▶ **What is required**:
Each entry below is to be duplicated verbatim.

Web page caption snippets:
*** Block opens ***
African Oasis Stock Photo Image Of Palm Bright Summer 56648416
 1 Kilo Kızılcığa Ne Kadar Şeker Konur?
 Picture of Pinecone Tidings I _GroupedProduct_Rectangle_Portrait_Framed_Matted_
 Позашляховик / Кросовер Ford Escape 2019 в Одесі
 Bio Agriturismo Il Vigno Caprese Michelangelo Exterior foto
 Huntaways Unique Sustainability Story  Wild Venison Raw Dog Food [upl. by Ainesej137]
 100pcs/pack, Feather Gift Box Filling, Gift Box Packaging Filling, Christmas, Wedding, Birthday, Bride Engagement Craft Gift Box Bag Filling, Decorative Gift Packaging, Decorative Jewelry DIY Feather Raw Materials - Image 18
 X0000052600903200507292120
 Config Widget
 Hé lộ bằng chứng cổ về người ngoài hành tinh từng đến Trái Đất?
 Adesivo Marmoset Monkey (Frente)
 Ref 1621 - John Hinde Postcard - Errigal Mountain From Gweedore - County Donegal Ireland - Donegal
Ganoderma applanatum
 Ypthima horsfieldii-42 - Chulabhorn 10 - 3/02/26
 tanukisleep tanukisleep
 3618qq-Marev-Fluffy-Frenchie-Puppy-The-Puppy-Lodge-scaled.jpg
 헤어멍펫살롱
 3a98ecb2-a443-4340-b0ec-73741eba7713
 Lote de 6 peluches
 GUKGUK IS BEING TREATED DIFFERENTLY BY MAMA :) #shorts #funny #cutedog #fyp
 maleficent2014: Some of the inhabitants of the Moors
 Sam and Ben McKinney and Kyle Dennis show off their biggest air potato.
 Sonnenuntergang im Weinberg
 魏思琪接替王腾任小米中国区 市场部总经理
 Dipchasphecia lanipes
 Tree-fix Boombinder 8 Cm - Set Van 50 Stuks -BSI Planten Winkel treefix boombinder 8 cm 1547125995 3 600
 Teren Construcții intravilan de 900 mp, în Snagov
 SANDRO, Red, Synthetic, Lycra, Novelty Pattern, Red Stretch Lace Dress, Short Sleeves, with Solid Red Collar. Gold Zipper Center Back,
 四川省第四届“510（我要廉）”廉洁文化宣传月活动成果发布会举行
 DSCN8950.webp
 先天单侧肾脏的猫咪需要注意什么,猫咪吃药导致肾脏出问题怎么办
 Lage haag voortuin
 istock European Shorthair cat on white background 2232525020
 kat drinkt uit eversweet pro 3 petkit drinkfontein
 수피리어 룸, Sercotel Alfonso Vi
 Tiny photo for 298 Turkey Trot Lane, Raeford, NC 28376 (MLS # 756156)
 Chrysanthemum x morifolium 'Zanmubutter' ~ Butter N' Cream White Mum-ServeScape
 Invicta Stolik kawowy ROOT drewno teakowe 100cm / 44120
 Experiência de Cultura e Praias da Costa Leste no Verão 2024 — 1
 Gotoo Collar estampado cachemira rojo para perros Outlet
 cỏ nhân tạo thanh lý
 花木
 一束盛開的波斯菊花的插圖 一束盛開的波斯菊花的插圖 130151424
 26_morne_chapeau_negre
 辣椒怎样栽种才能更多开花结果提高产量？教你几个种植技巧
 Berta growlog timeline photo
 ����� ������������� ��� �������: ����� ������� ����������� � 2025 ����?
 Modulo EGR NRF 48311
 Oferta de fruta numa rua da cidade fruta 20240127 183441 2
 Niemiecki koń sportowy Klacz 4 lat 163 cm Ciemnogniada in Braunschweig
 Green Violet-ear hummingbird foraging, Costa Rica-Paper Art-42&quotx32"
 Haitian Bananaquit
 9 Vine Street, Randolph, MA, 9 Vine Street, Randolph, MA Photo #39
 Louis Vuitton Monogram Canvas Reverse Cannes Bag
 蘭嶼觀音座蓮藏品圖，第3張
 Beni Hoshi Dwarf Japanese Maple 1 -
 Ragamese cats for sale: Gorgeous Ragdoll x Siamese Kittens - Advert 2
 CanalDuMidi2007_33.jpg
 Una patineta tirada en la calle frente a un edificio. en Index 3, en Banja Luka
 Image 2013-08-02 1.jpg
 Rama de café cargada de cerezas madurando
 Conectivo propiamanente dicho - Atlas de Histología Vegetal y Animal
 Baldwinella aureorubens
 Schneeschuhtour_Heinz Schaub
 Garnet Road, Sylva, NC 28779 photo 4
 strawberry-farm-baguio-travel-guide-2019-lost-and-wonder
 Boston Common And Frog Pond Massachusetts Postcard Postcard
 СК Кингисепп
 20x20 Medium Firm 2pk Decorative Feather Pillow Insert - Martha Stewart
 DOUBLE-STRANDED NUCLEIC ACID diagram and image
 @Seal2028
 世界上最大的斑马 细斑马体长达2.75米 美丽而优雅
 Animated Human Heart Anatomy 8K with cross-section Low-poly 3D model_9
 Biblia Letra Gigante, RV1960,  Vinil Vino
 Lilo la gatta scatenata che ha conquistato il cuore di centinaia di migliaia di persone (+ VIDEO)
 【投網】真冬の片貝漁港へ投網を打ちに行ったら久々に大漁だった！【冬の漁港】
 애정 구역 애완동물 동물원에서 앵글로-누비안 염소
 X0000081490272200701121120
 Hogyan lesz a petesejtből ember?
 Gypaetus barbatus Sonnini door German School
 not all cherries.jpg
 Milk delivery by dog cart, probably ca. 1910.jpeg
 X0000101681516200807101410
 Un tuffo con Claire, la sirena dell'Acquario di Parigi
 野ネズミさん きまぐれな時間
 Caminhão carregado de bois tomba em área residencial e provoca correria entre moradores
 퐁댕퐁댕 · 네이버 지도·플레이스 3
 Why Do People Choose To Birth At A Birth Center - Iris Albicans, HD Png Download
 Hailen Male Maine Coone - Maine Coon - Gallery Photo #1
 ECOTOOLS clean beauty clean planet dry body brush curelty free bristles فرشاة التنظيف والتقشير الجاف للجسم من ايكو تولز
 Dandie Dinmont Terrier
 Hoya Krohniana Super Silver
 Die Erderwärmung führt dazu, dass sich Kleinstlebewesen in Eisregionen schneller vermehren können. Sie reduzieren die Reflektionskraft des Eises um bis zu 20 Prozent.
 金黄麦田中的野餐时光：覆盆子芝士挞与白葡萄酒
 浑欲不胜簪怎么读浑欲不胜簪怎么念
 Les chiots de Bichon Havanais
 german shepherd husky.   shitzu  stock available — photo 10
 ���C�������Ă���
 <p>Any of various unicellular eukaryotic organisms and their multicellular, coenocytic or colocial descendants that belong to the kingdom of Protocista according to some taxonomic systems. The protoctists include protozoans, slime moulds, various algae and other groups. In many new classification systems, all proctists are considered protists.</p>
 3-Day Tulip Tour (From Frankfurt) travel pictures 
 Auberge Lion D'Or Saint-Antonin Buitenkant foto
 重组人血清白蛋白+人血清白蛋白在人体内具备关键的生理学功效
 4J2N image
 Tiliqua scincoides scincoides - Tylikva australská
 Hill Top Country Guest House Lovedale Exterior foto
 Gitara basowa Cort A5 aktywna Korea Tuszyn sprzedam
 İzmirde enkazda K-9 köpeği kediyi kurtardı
*** Block closes ***
▶ **Answer below**:
African Oasis Stock Photo Image Of Palm Bright Summer 56648416
 1 Kilo Kızılcığa Ne Kadar Şeker Konur?
 Picture of Pinecone Tidings I _GroupedProduct_Rectangle_Portrait_Framed_Matted_
 Позашляховик / Кросовер Ford Escape 2019 в Одесі
 Bio Agriturismo Il Vigno Caprese Michelangelo Exterior foto
 Huntaways Unique Sustainability Story  Wild Venison Raw Dog Food [upl. by Ainesej137]
 100pcs/pack, Feather Gift Box Filling, Gift Box Packaging Filling, Christmas, Wedding, Birthday, Bride Engagement Craft Gift Box Bag Filling, Decorative Gift Packaging, Decorative Jewelry DIY Feather Raw Materials - Image 18
 X0000052600903200507292120
 Config Widget
 Hé lộ bằng chứng cổ về người ngoài hành tinh từng đến Trái Đất?
 Adesivo Marmoset Monkey (Frente)
 Ref 1621 - John Hinde Postcard - Errigal Mountain From Gweedore - County Donegal Ireland - Donegal
Ganoderma applanatum
 Ypthima horsfieldii-42 - Chulabhorn 10 - 3/02/26
 tanukisleep tanukisleep
 3618qq-Marev-Fluffy-Frenchie-Puppy-The-Puppy-Lodge-scaled.jpg
 헤어멍펫살롱
 3a98ecb2-a443-4340-b0ec-73741eba7713
 Lote de 6 peluches
 GUKGUK IS BEING TREATED DIFFERENTLY BY MAMA :) #shorts #funny #cutedog #fyp
 maleficent2014: Some of the inhabitants of the Moors
 Sam and Ben McKinney and Kyle Dennis show off their biggest air potato.
 Sonnenuntergang im Weinberg
 魏思琪接替王腾任小米中国区 市场部总经理
 Dipchasphecia lanipes
 Tree-fix Boombinder 8 Cm - Set Van 50 Stuks -BSI Planten Winkel treefix boombinder 8 cm 1547125995 3 600
 Teren Construcții intravilan de 900 mp, în Snagov
 SANDRO, Red, Synthetic, Lycra, Novelty Pattern, Red Stretch Lace Dress, Short Sleeves, with Solid Red Collar. Gold Zipper Center Back,
 四川省第四届“510（我要廉）”廉洁文化宣传月活动成果发布会举行
 DSCN8950.webp
 先天单侧肾脏的猫咪需要注意什么,猫咪吃药导致肾脏出问题怎么办
 Lage haag voortuin
 istock European Shorthair cat on white background 2232525020
 kat drinkt uit eversweet pro 3 petkit drinkfontein
 수피리어 룸, Sercotel Alfonso Vi
 Tiny photo for 298 Turkey Trot Lane, Raeford, NC 28376 (MLS # 756156)
 Chrysanthemum x morifolium 'Zanmubutter' ~ Butter N' Cream White Mum-ServeScape
 Invicta Stolik kawowy ROOT drewno teakowe 100cm / 44120
 Experiência de Cultura e Praias da Costa Leste no Verão 2024 — 1
 Gotoo Collar estampado cachemira rojo para perros Outlet
 cỏ nhân tạo thanh lý
 花木
 一束盛開的波斯菊花的插圖 一束盛開的波斯菊花的插圖 130151424
 26_morne_chapeau_negre
 辣椒怎样栽种才能更多开花结果提高产量？教你几个种植技巧
 Berta growlog timeline photo
 ����� ������������� ��� �������: ����� ������� ����������� � 2025 ����?
 Modulo EGR NRF 48311
 Oferta de fruta numa rua da cidade fruta 20240127 183441 2
 Niemiecki koń sportowy Klacz 4 lat 163 cm Ciemnogniada in Braunschweig
 Green Violet-ear hummingbird foraging, Costa Rica-Paper Art-42&quotx32"
 Haitian Bananaquit
 9 Vine Street, Randolph, MA, 9 Vine Street, Randolph, MA Photo #39
 Louis Vuitton Monogram Canvas Reverse Cannes Bag
 蘭嶼觀音座蓮藏品圖，第3張
 Beni Hoshi Dwarf Japanese Maple 1 -
 Ragamese cats for sale: Gorgeous Ragdoll x Siamese Kittens - Advert 2
 CanalDuMidi2007_33.jpg
 Una patineta tirada en la calle frente a un edificio. en Index 3, en Banja Luka
 Image 2013-08-02 1.jpg
 Rama de café cargada de cerezas madurando
 Conectivo propiamanente dicho - Atlas de Histología Vegetal y Animal
 Baldwinella aureorubens
 Schneeschuhtour_Heinz Schaub
 Garnet Road, Sylva, NC 28779 photo 4
 strawberry-farm-baguio-travel-guide-2019-lost-and-wonder
 Boston Common And Frog Pond Massachusetts Postcard Postcard
 СК Кингисепп
 20x20 Medium Firm 2pk Decorative Feather Pillow Insert - Martha Stewart
 DOUBLE-STRANDED NUCLEIC ACID diagram and image
 @Seal2028
 世界上最大的斑马 细斑马体长达2.75米 美丽而优雅
 Animated Human Heart Anatomy 8K with cross-section Low-poly 3D model_9
 Biblia Letra Gigante, RV1960,  Vinil Vino
 Lilo la gatta scatenata che ha conquistato il cuore di centinaia di migliaia di persone (+ VIDEO)
 【投網】真冬の片貝漁港へ投網を打ちに行ったら久々に大漁だった！【冬の漁港】
 애정 구역 애완동물 동물원에서 앵글로-누비안 염소
 X0000081490272200701121120
 Hogyan lesz a petesejtből ember?
 Gypaetus barbatus Sonnini door German School
 not all cherries.jpg
 Milk delivery by dog cart, probably ca. 1910.jpeg
 X0000101681516200807101410
 Un tuffo con Claire, la sirena dell'Acquario di Parigi
 野ネズミさん きまぐれな時間
 Caminhão carregado de bois tomba em área residencial e provoca correria entre moradores
 퐁댕퐁댕 · 네이버 지도·플레이스 3
 Why Do People Choose To Birth At A Birth Center - Iris Albicans, HD Png Download
 Hailen Male Maine Coone - Maine Coon - Gallery Photo #1
 ECOTOOLS clean beauty clean planet dry body brush curelty free bristles فرشاة التنظيف والتقشير الجاف للجسم من ايكو تولز
 Dandie Dinmont Terrier
 Hoya Krohniana Super Silver
 Die Erderwärmung führt dazu, dass sich Kleinstlebewesen in Eisregionen schneller vermehren können. Sie reduzieren die Reflektionskraft des Eises um bis zu 20 Prozent.
 金黄麦田中的野餐时光：覆盆子芝士挞与白葡萄酒
 浑欲不胜簪怎么读浑欲不胜簪怎么念
 Les chiots de Bichon Havanais
 german shepherd husky.   shitzu  stock available — photo 10
 ���C�������Ă���
 <p>Any of various unicellular eukaryotic organisms and their multicellular, coenocytic or colocial descendants that belong to the kingdom of Protocista according to some taxonomic systems. The protoctists include protozoans, slime moulds, various algae and other groups. In many new classification systems, all proctists are considered protists.</p>
 3-Day Tulip Tour (From Frankfurt) travel pictures 
 Auberge Lion D'Or Saint-Antonin Buitenkant foto
 重组人血清白蛋白+人血清白蛋白在人体内具备关键的生理学功效
 4J2N image
 Tiliqua scincoides scincoides - Tylikva australská
 Hill Top Country Guest House Lovedale Exterior foto
 Gitara basowa Cort A5 aktywna Korea Tuszyn sprzedam
 İzmirde enkazda K-9 köpeği kediyi kurtardı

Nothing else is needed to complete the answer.